“What are you planning to do for your father this year?”

It’s the question I’ve dreaded answering whenever Father’s Day rolls around. I haven’t celebrated it since my dad passed away when I was 10 years old.

It’s not that I’m still distraught over the loss – this happened 11 years ago – though loss will always be loss. It’s the shades of shock and pity that colour their faces once I give away this one detail of my life. I feel like I’ve rained on their Father’s Day parade.

We had no idea, I can almost hear them thinking.

You see, my life looks pretty good from where they stand. I do relatively well in school, serve actively in church and fit well into society. In other words, I appear too normal to have grown up without the presence of a father in my home.
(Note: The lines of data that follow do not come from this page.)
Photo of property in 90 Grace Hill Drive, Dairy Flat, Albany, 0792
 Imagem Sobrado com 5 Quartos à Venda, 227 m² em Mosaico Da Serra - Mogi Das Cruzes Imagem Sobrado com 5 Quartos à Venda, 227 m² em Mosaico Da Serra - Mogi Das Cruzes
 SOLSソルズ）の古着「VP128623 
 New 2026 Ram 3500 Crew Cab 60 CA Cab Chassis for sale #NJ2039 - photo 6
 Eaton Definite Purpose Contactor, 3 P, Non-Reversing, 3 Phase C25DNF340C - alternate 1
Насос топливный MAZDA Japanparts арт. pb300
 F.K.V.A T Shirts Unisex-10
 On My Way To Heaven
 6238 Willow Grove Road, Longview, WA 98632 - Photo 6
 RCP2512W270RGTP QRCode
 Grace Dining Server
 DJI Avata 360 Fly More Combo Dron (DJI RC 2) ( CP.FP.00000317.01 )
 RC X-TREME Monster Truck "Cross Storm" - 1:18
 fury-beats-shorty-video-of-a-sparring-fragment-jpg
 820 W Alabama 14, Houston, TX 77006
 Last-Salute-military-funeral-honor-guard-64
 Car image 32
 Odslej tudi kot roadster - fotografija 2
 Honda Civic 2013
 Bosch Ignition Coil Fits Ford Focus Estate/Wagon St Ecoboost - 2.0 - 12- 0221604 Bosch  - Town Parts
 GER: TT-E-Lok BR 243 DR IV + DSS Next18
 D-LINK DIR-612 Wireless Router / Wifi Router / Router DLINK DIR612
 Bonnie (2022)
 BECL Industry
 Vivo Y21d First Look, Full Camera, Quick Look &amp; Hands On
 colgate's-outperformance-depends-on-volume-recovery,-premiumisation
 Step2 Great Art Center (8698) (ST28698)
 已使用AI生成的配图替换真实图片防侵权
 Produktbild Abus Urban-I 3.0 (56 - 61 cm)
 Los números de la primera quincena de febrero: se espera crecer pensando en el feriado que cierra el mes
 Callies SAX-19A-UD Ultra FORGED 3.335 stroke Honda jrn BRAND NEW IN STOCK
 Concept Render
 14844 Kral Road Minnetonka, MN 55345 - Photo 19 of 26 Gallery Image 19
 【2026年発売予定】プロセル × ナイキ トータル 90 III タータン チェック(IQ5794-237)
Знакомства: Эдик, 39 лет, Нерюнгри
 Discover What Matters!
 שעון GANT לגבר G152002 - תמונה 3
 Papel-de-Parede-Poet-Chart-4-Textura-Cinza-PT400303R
Global reports and statistics have shown that growing up without a father is correlated to a child’s future involvement in criminal activity, entrenchment in poverty or poor academic performance.

This caricature of the fatherless child has only been exacerbated by the media we consume – fatherlessness being a classic backstory of a criminal or wayward teenager. Even fatherhood movements unwittingly contribute to this image at times. And they aren’t entirely wrong.

In many cases, fatherless children do struggle significantly more as they grow up, and this could lead them to make poorer choices. However, I seem to have emerged from my family situation relatively unscathed. One of the greatest reasons: the care and concern shown to me by my church family during that difficult time.

But it was through a relief teacher in my primary school that I encountered the heart of my Heavenly Father in the wake of the loss of my earthly one.

When he discovered that my father passed away, this man went the extra mile to spend time with me, to care for me and to guide me. He demonstrated what it meant to love sacrificially with an authentic love that has the power to touch and change lives.

I still remember that one time he brought a few of us students out for a day of fun. I can’t remember exactly where we went, or what we did. I only know we took a few selfies because he later had these photos developed and left short written notes on the back to encourage me as I studied for my PSLE. I still have them.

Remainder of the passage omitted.